### TASK GOAL
An exact copy is all that is wanted: the lines from the one with "Dining room features" through the end of the listing below, both included, minus any pictures.

━━━━━ GIVEN RECORDS

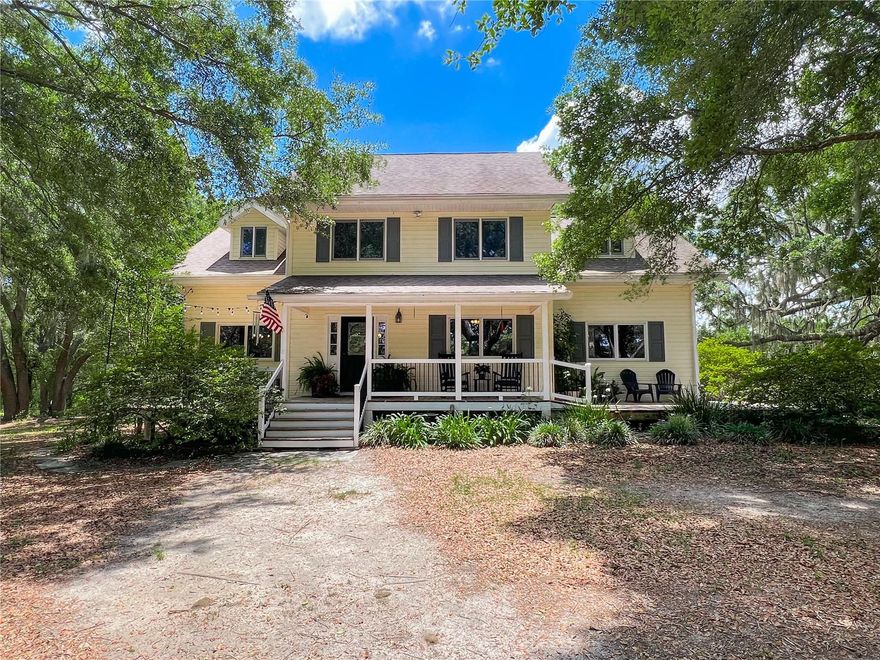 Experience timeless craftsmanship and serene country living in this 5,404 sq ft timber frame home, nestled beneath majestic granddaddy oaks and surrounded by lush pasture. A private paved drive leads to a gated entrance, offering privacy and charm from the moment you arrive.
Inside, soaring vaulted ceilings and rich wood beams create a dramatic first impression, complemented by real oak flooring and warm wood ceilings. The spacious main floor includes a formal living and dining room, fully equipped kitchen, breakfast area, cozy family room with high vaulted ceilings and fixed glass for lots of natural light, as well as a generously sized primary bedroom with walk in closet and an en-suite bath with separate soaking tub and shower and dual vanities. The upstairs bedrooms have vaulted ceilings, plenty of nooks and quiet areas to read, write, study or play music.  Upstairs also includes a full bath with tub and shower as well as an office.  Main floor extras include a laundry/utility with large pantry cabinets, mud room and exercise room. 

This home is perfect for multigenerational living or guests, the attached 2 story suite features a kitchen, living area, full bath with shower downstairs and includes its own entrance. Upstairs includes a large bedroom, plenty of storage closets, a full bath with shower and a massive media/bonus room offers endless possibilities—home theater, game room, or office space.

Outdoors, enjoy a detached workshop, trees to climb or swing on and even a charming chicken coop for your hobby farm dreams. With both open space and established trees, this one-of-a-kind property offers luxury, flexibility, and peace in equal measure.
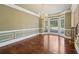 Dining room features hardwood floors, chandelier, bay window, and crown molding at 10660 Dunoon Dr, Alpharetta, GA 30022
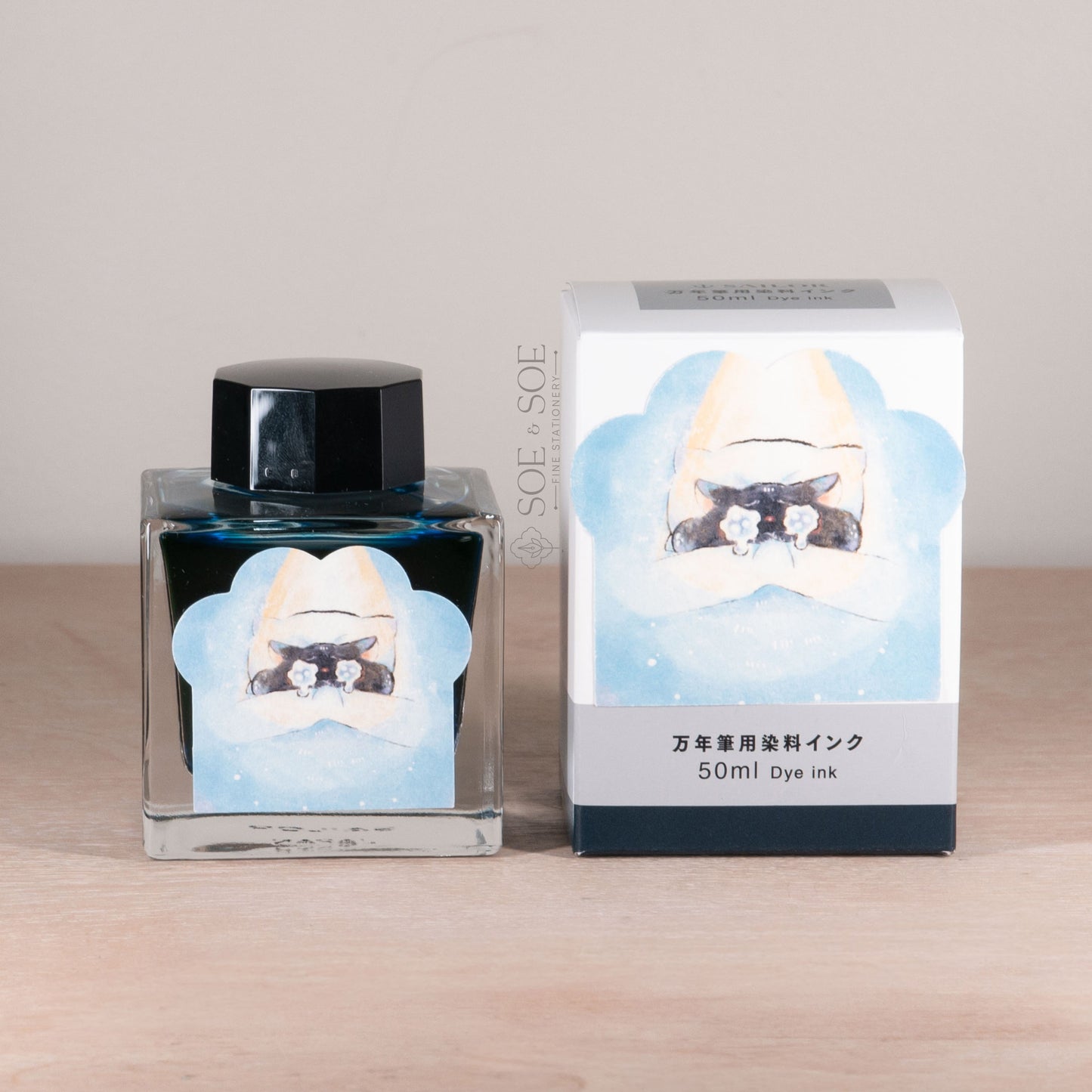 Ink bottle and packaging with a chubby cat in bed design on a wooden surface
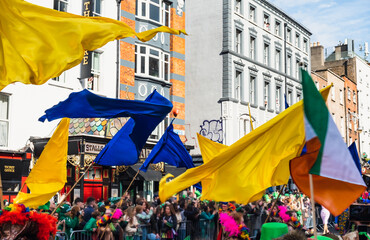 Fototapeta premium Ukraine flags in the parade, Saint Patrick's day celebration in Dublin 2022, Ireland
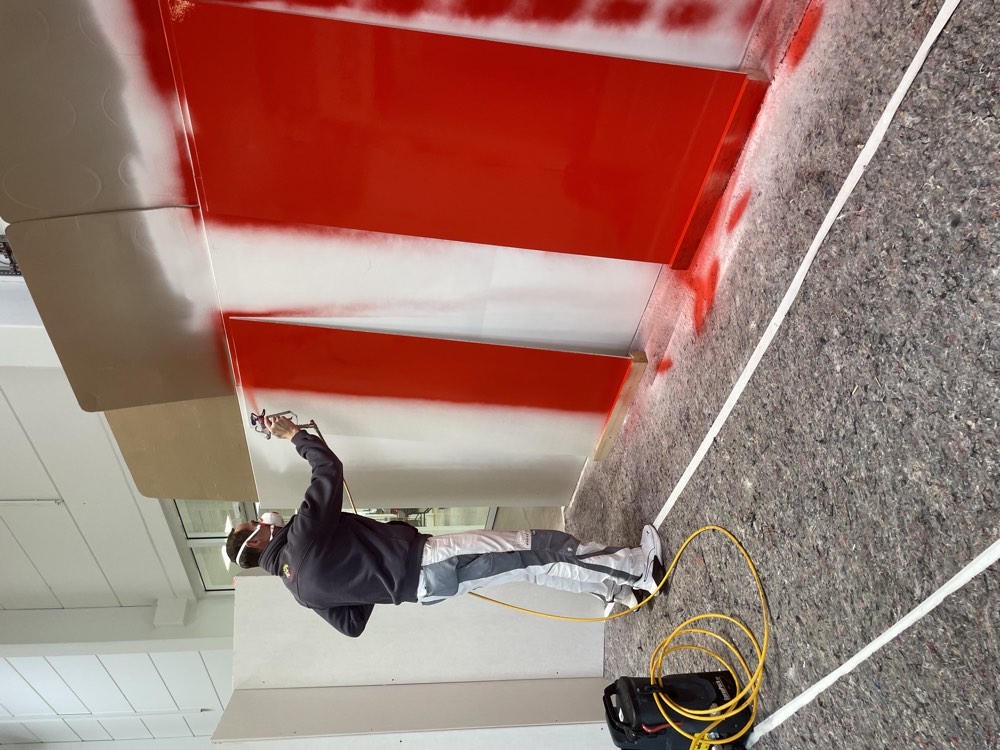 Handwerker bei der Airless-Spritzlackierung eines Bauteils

━━━━━━━━━━

### SOLUTION TO THIS EXERCISE
 Dining room features hardwood floors, chandelier, bay window, and crown molding at 10660 Dunoon Dr, Alpharetta, GA 30022
 Ink bottle and packaging with a chubby cat in bed design on a wooden surface
 Fototapeta premium Ukraine flags in the parade, Saint Patrick's day celebration in Dublin 2022, Ireland
 Handwerker bei der Airless-Spritzlackierung eines Bauteils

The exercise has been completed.